War renders abundantly apparent the utility of the masculine traits of stoicism and bravery. Yet we live today in an age totally devoid of heroic opportunity, where immediate danger is all but absent. That is not to say we do not face trials, competition, and stresses as we always have. But we do so in a sterile, aspiritual and petty context. Every man has become a Steppenwolf, neurotic, uncertain and introspective in the extreme. What men must realise is that while it is the duty of some generations to die gloriously in battle, to give themselves as wheat to the scythe, to consign themselves to a fate of feasting and fighting for evermore in Valhalla, the struggle of our generation is a different one. We are not contending with the mud and horror of the trenches, but we are every day wading through the ideological filth of modernity. It coats us completely, it corrodes us from the inside. It has poisoned every aspect of life. It wants us to submit utterly. Modernity is a siren song that tempts those men who can no longer tolerate it to destroy themselves, to take the only way out they can see. If we are to reverse this, men must understand the unpalatable truth that while for some generations it is heroic to die, for us it is heroic to live.
We must not only live, but we must thrive. Men must come to know that it is not they who are toxic, but it is the ideology of modernity that is the true pollutant. To survive and prosper in this desolate landscape we must first turn ourselves into men of steel; we must focus on developing ourselves mentally and physically. We must reconnect with the masculine traditions of the past. We mustn’t take the false paths presented to us and engage in futile battle of the sexes or sink into the slime of depression. We must look upon the ravages of modernity as the men looked upon the horrors of war; we must not flinch or show self-pity in the face of carnage and ruin. Modernity it is destroying us as surely as machine gun fire destroyed generations of the past. The heavy artillery of the mass media and state repression supplemented by the biological warfare of big pharma and industrial agriculture is eroding us mentally and physically.

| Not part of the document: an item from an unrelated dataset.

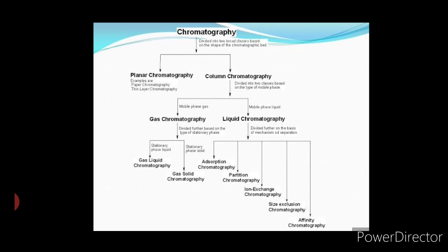Now let us understand the principle of each liquid chromatography type. First is adsorption chromatography, where separation of solutes is based on their degree of adsorption on the surface of the adsorbent. Second is partition chromatography, where separation of solutes is based on differences in the partition coefficient of solutes in two mutually immiscible solvents.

There will be many more casualties in the contest of man versus modernity before the war is over. We will see many more young men commit suicide, die of overdoses, mutilate themselves with hormones and surrender to nihilistic despair. It is time for us to stem that flow, to throw out a rope to all those drowning in the swamp of modern life. It is time for us to state clearly that it is not only okay to embrace your natural masculinity, it is the only way to survive the maelstrom of contemporary life and its unending trials. We must redirect the self-loathing and hatred of modern men into the divinely ordained pursuits of self-mastery and transcendental thought. We must make clear to them their problems will not magically go away, and that even men of steel rust inside. But we must also make clear to them that strong, independent men have always been the engine of world history. There is no power on earth that can break the spirit of a truly free man.